Federated learning (FL)
We are focused on studying three different problems in FL schemes:
- Incorporating verifiability to secure different stages of the federated learning pipeline.
- Designing federated learning architectures with decentralized coordination.
- Unresolved privacy challenges in federeted learning.
Verifiability in the federated learning pipeline
In many contemporary machine learning workflows, particularly those involving edge computing, outsourced training, or federated learning, the entity that develops or deploys a model often lacks direct control over the training environment. This creates a security gap, as the training process may occur on untrusted infrastructure or with data provided by third parties. A growing concern in such scenarios involves model poisoning and data poisoning attacks, where adversaries manipulate the training process or inject malicious data to corrupt the resulting model. These threats not only undermine model accuracy but can also introduce backdoors or hidden behaviors, posing serious risks in safety-critical and privacy-sensitive applications.
To address these concerns, we make use of cryptographic primitives to design verifiable colaborative learning schemes that protect the integrity of outsourced model training against both data and model poisoning. These scheme employ a combination of cryptographic hashes, digital signatures, and zero-knowledge proofs to enforce trust and accountability throughout the training pipeline. Hashes provide continuity and traceability for data collected from authenticated sources, ensuring it remains untampered. Digital signatures authenticate the origin and integrity of training inputs, while zero-knowledge proofs enable verifiable assurance that the training entity has correctly executed the model update process without revealing sensitive information. This design allows to securely delegate training tasks to potentially untrusted parties while maintaining end-to-end verifiability.

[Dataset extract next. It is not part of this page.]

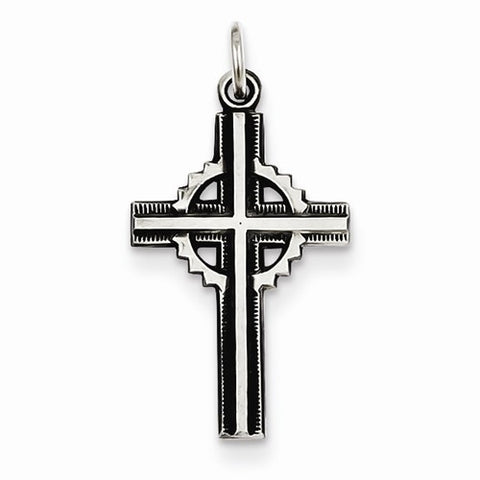 Sterling Silver Antiqued Celtic Cross pendant, Appealing Pendants for Necklace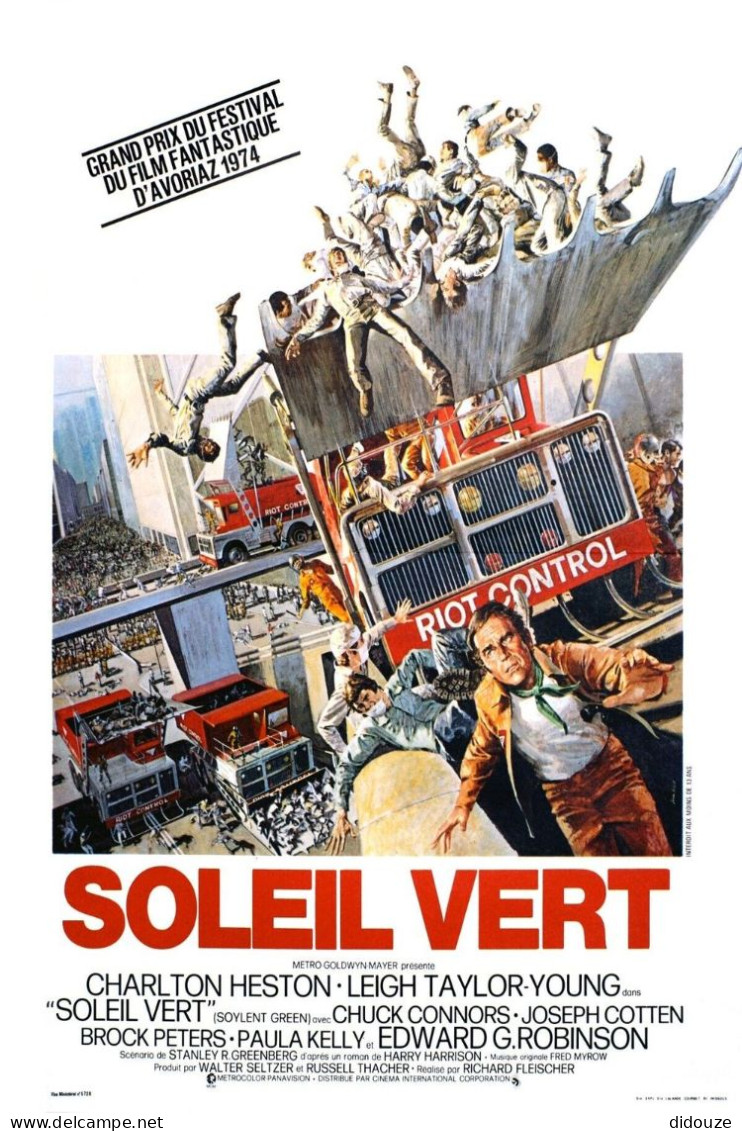 Cinema - Soleil Vert - Charlton Heston - Illustration Vintage - Affiche De Film - CPM - Carte Neuve - Voir Scans Recto-V - Posters On Cards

Decentralized federated learning
Federated learning enables collaborative model training across distributed end devices, ensuring that raw user data remains local and never needs to be uploaded to a central repository. This decentralization enhances privacy by design; however, most practical implementations of federated learning still rely heavily on a central server to orchestrate the training process. This centralization reintroduces vulnerabilities, including single points of failure, trust assumptions in the coordinator, and risks of information leakage or manipulation. These limitations undermine the full potential of federated learning as a privacy-preserving and resilient paradigm for distributed machine learning.

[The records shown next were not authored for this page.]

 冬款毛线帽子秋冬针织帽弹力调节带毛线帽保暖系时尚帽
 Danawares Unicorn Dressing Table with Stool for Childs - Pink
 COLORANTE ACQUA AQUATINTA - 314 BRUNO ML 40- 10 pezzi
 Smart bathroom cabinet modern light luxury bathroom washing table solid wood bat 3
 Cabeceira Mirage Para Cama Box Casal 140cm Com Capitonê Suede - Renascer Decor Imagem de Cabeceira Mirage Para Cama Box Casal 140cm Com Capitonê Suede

To address these challenges, we design a fully decentralized federated learning framework built on blockchain technology. We eliminate the need for a central coordinator by leveraging a public blockchain to manage orchestration, record-keeping, and incentivization. The framework incorporates homomorphic encryption to ensure the confidentiality of both training data and local model updates, preventing unauthorized access even during aggregation. To guarantee correctness and integrity without revealing private information, zkSNARKs (zero-knowledge Succinct Non-interactive Arguments of Knowledge) are used to make model parameters and updates publicly verifiable. This combination of cryptographic tools provides strong privacy, security, and transparency guarantees throughout the learning lifecycle. We have implemented a proof-of-concept prototype and evaluate it on a public blockchain, demonstrating its practical viability in terms of computational overhead and on-chain costs, particularly when deployed on widely-used platforms like Ethereum.

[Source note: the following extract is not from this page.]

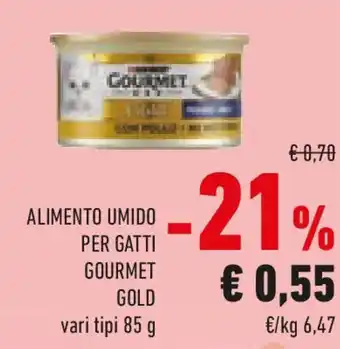 Conad Alimento umido per gatti GOURMET GOLD offerta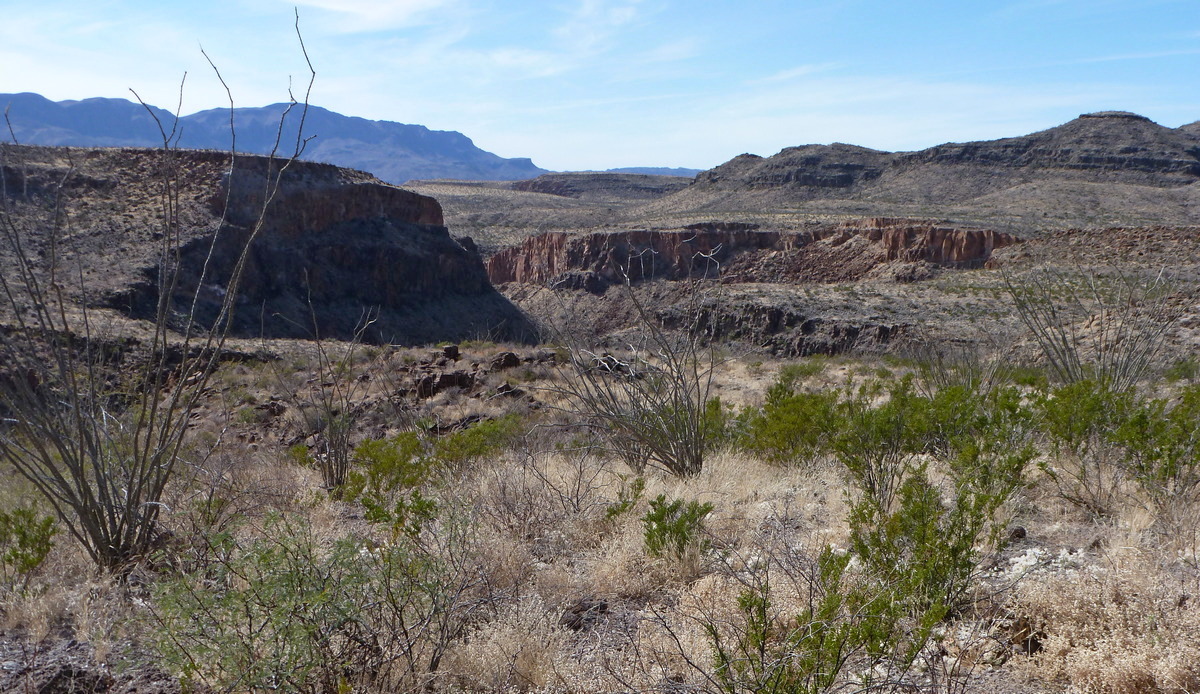 looking down Panther Canyon towards Mexico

Privacy challenges in federated learning
Federated Learning (FL) represents a promising approach to privacy-preserving machine learning by enabling decentralized model training directly on user devices, thereby ensuring that raw data remains local and is never shared with a central server. While this design mitigates many traditional privacy risks associated with centralized data collection, it does not eliminate all vulnerabilities
In particular, FL remains susceptible to property inference attacks—a class of threats in which an adversary can infer whether a specific property or attribute is present in the training data, even when that property is unrelated to the primary task of the global model. This type of leakage poses significant risks in sensitive domains such as healthcare, finance, or personalized services, where secondary attributes may reveal private user information.
In this work, we investigate the feasibility and limitations of property inference attacks in FL settings by replicating and extending previous work using TensorFlow Federated. Our experimental evaluation confirms the reproducibility and credibility of these attacks, while also shedding light on their robustness across different conditions. Notably, we identify two core factors contributing to attack success: the pronounced impact of early model updates during the initial training rounds, and the heightened effectiveness of attacks when the target property is rare in the dataset—due to the stronger gradient signal such samples produce. These findings suggest that even in the absence of malicious tampering or poisoning, FL systems are vulnerable to subtle yet powerful privacy threats. As a result, our study underscores the urgent need for improved defenses and privacy-enhancing techniques to safeguard sensitive information in federated learning deployments.